We have the exploration and the weapons in place, but what would a Wolfenstein title be without supernatural intrigue? In this installment, separate dimension lies parallel to our own – the Black Sun dimension. Tumultuous energy called Veil is the thin line separating reality from the harrowing Black Sun dimension, which is full of destructive power the Nazis intend to harness for a special doomsday device specifically created for the purpose of carrying out their devious plans. With a special amulet, B.J. can access the Veil, where he gains speed, the ability to scout out hidden objects and locations, and improved night vision. The Veil also brings on a special enemy – Geist. B.J. is granted powers that can be used in the Veil, which add a bit more strategy into the mix than simply “shoot now, ask questions later.” The ever-present bullet time is even presented within the Veil, so it should provide quite a bit of aid when the Nazis advancing prove to be too much.

Wolfenstein is an absolutely gorgeous game. While admittedly a bit mundane within the confines of the city once you venture outside you’ll find throwbacks to the older Wolfenstein titles and a bit more rugged look to environments that I appreciated quite a bit, though it did bring to mind more than a few times the look of Call of Duty: World at War. Solid voiceovers have also been accounted for, though I am not quite sure why it would be so terrible to have the Nazis speak in German to each other – I’m sure players would understand.

Multiplayer has been included, likely to keep current-gen complainers at bay, and it presents a very solid online experience that is very fun to get online and blast away in, though I must say it has been outdone by many of its competitors. Considering the fact that multiplayer gamers are very set in their ways, there is little in the way of what Wolfenstein brings to the table via online capabilities that will persuade gamers to discontinue their Modern Warfare nights or even bouts of Halo to migrate over to an IP many of them may never have even heard of (unfortunately). There are few different modes to get into compared to its competition’s multiple modes of play, so while a completely solid and engaging online experience, there’s just no reason to keep at it since it’s almost guaranteed its online numbers will be dwindling in the near future.

This is a classic example of tacked-on multiplayer to extend a game’s lifespan, though the sentiment was appreciated.
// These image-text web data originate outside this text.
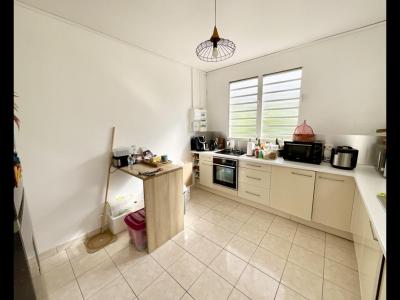 Acheter Appartement Lorrain Martinique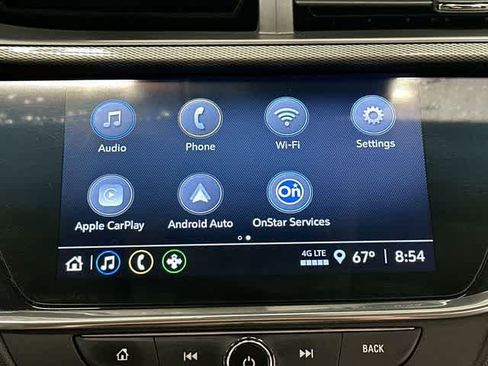 Used 2023 Buick Encore GX Preferred w/ Cold Weather Comfort Package AWD/4WD image 12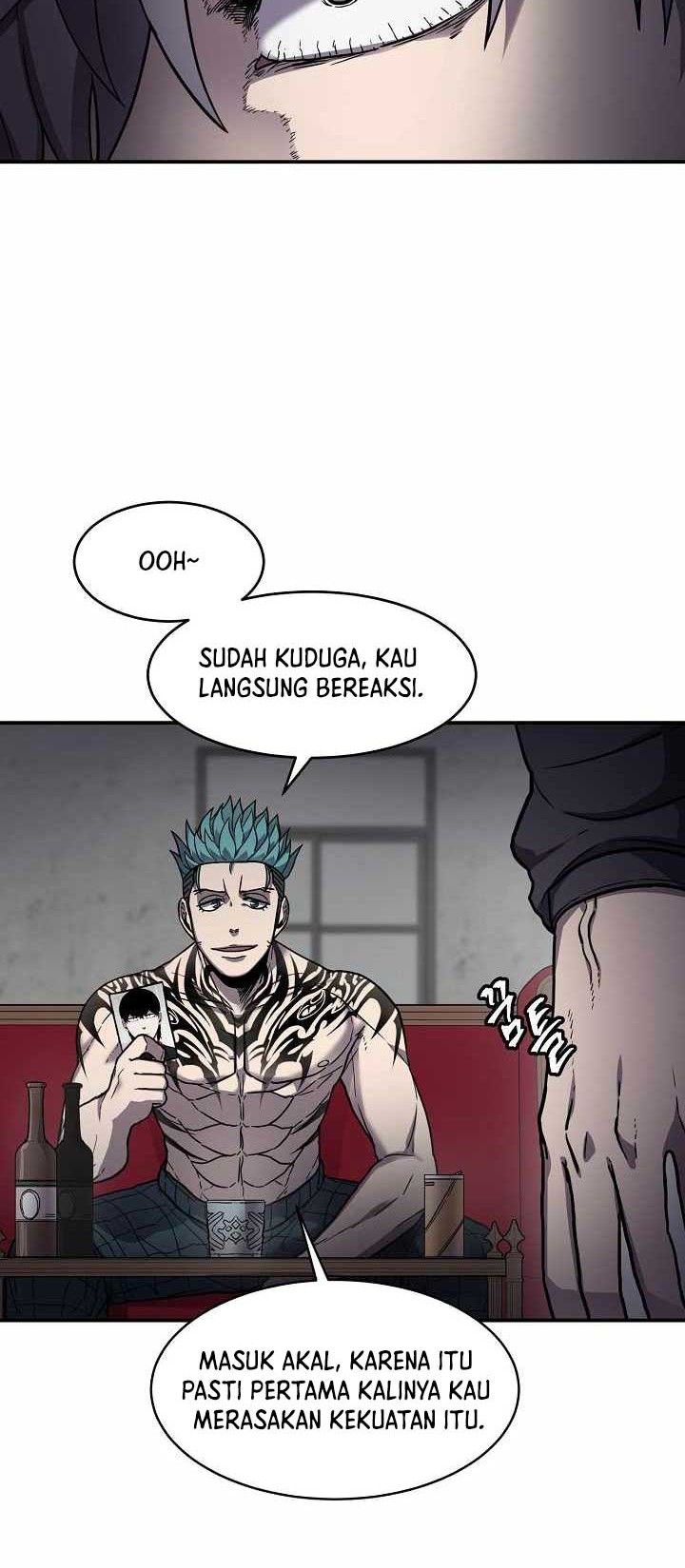 Shaman Chapter 28 Gambar 5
You’ll get around six to eight hours of solid gameplay time out of the single-player campaign, which is about average these days, and every bit worth a playthrough if only to bear witness to Raven’s loving preservation of the franchise with entertaining twists and an intriguing storyline – can’t forget the massive amounts of Nazi casualties. Fans of the Wolfenstein franchise would do well to pick this up, though current-gen gamers who never experienced the classics will likely turn up their noses at the 12-player multiplayer cap and what will be “mundane” FPS action to them. Sometimes, you just have to live through the classics in order to appreciate the revivals, and I appreciate Wolfenstein – I can’t wait to see which direction it goes in next.

Comments are closed.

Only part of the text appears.